Key Experimental Results¶
Main Results¶
EVIMO2 Continuous Optical Flow Dataset:
| Method | TEPE ↓ | TAE ↓ | %Out ↓ |
|---|---|---|---|
| Paredes et al. (Self-supervised) | 21.69 | 51.91 | 0.634 |
| E-RAFT (Linear) | 19.38 | 74.52 | 0.656 |
| BFlow (Zero-shot/OOD) | 8.63 | 19.94 | 0.363 |
| Ours (Self-supervised FT) | 6.14 | 16.98 | 0.254 |
| BFlow (In-domain Supervised) | 3.38 | 11.68 | 0.166 |
DSEC Optical Flow Benchmark (Comparison of self-supervised methods):
| Method | Inference Time (ms) | EPE ↓ | AE ↓ | %Out ↓ |
|---|---|---|---|---|
| E-RAFT (Supervised) | 46.3 | 0.788 | 10.56 | 2.684 |
| Ours (Self-supervised) | ~9 | Best | AE Gain 19% | %Out Gain 14% |
Ablation Study¶
Impact of Different Motion Priors (EVIMO2):
| Motion Prior | TEPE ↓ | TAE ↓ | %Out ↓ |
|---|---|---|---|
| Polynomial Basis (SSL) | 6.78 | 19.76 | 0.272 |
| Learnable Basis (SSL) | 7.46 | 19.78 | 0.284 |
| Bézier Curve (SSL) | 6.14 | 16.98 | 0.254 |
| Polynomial Basis (OOD) | 9.36 | 20.88 | 0.363 |
| Bézier Curve (OOD) | 8.63 | 19.94 | 0.363 |
Key Findings¶
- Self-supervised fine-tuning improves zero-shot performance by approximately 29% (TEPE decreased from 8.63 to 6.14), effectively bridging the sim-to-real gap.
- The Bézier curve performs the best among the three motion priors (\(N_c=10\)).
- For long-term prediction (>200ms), the improvement from self-supervised fine-tuning is particularly significant.
- The inference speed on DSEC is 5 times faster than previous self-supervised methods.
Highlights & Insights¶
- Integrating motion priors into the CM framework is an elegant design: non-linear trajectories adapt to complex motion, while their smoothness naturally provides regularization, subtly solving the event collapse issue.

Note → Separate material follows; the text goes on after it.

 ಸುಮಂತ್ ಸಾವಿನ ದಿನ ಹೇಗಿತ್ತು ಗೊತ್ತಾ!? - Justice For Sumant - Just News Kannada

- The KNN scheme implemented using the KeOps symbolic matrix framework resolves the scalability issues of large-scale event-trajectory association, representing a practical engineering contribution.
- The construction of the EVIMO2 continuous optical flow dataset is itself a contribution, providing a new evaluation benchmark for long-term motion estimation with event cameras.
Limitations & Future Work¶
- A significant gap still exists between self-supervised methods and in-domain supervised methods (TEPE 6.14 vs. 3.38), indicating that the information provided by the self-supervised loss signal is limited.
- Handling of occlusions and independently moving objects may not be robust enough.
- KeOps KNN computation may still become a bottleneck at very large resolutions.
- Farther advanced trajectory representations (such as B-splines and neural implicit representations) have not yet been explored.
Related Work & Insights¶
- vs. Bflow [27]: Bflow relies on supervised training using synthetic data and suffers from a sim-to-real gap on real data. This paper significantly narrows this gap through self-supervised fine-tuning.
- vs. Shiba et al. [57]: Limited to linear motion models and fixed reference times, whereas this paper extends to non-linear trajectories and random reference times.
- vs. Paredes et al. [47]: Uses piecewise linear optical flow stitching to approximate non-linear motion, yielding far inferior performance compared to explicit non-linear trajectory modeling.
Rating¶
- Novelty: ⭐⭐⭐⭐ The idea of introducing motion priors into the CM framework is novel, and the KNN association scheme is practical.
- Experimental Thoroughness: ⭐⭐⭐⭐ Validated on two tasks (trajectory estimation, optical flow) and multiple datasets, with comprehensive ablation studies.
- Writing Quality: ⭐⭐⭐⭐ Clear logic, complete formula derivations, and rich figures and tables.
- Value: ⭐⭐⭐⭐ Provides an effective tool for mitigating the sim-to-real gap in event camera motion estimation, offering practical value to the event camera community.